----- Provided records -----

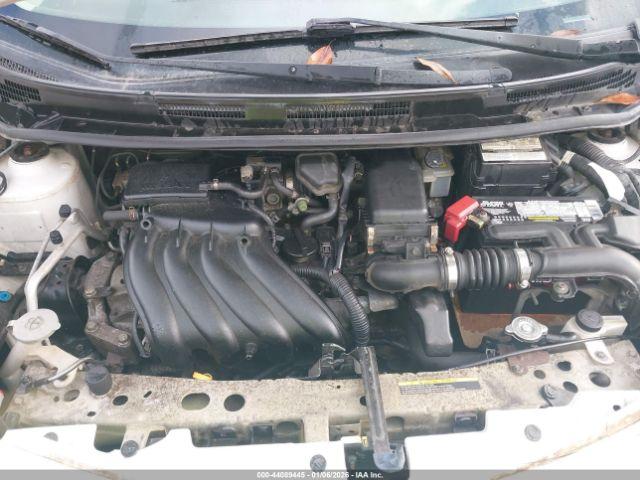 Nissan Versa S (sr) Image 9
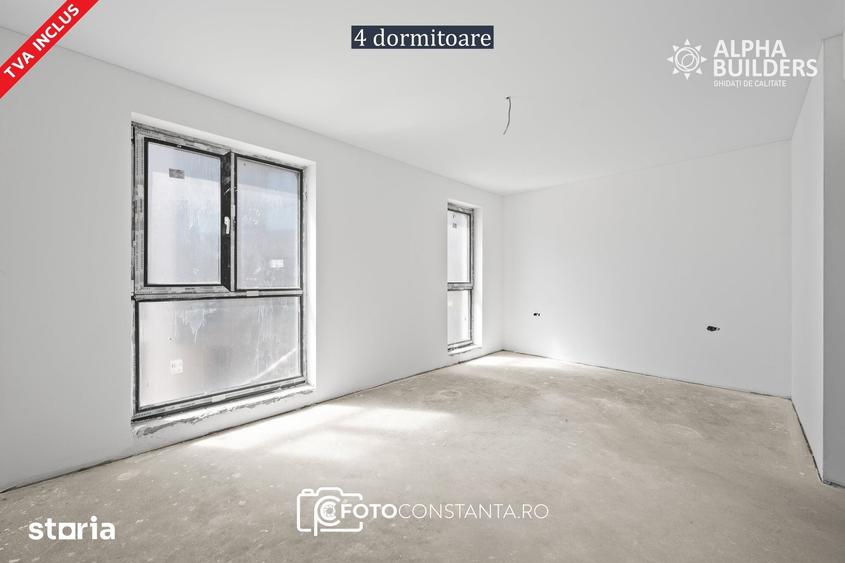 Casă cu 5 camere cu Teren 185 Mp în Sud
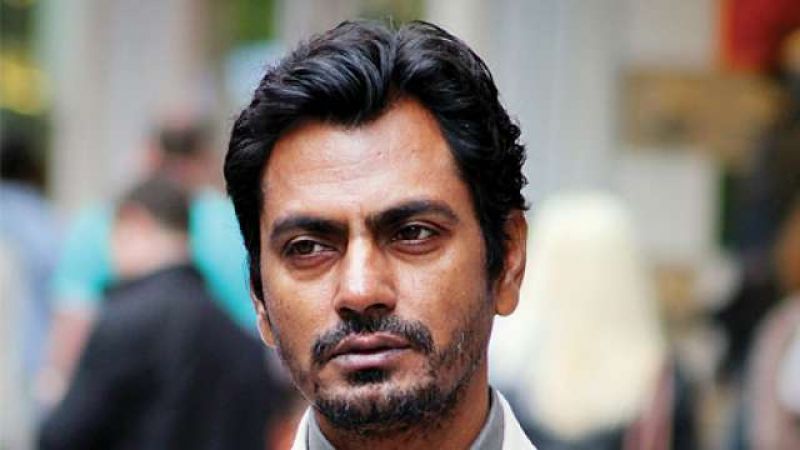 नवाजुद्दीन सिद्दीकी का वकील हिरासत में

-----
----- Provided records -----

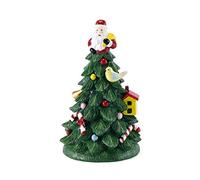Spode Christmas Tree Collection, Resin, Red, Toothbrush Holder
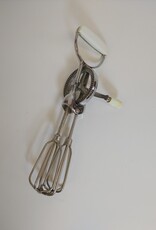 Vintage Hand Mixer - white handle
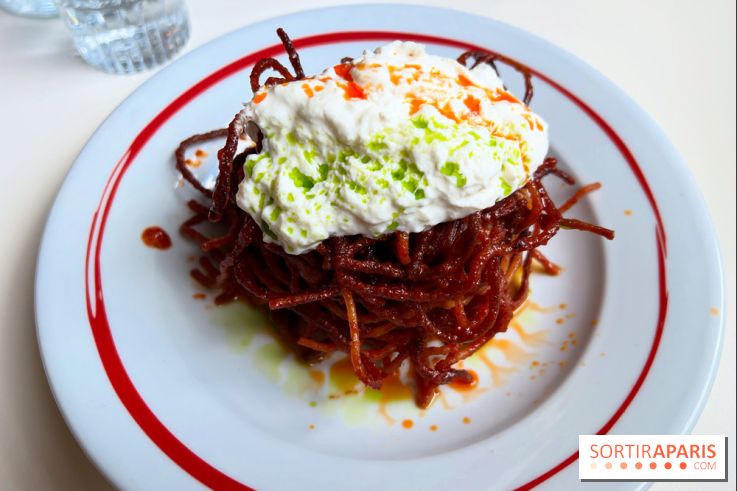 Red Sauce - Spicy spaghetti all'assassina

-----

What is being asked
Now transcribe the lines above exactly, starting at the line containing "Nissan Versa S (sr) Image 9" and ending at the line containing "नवाजुद्दीन सिद्दीकी का वकील हिरासत में", both lines included, pictures excluded.

Expected answer
 Nissan Versa S (sr) Image 9
 Casă cu 5 camere cu Teren 185 Mp în Sud
 नवाजुद्दीन सिद्दीकी का वकील हिरासत में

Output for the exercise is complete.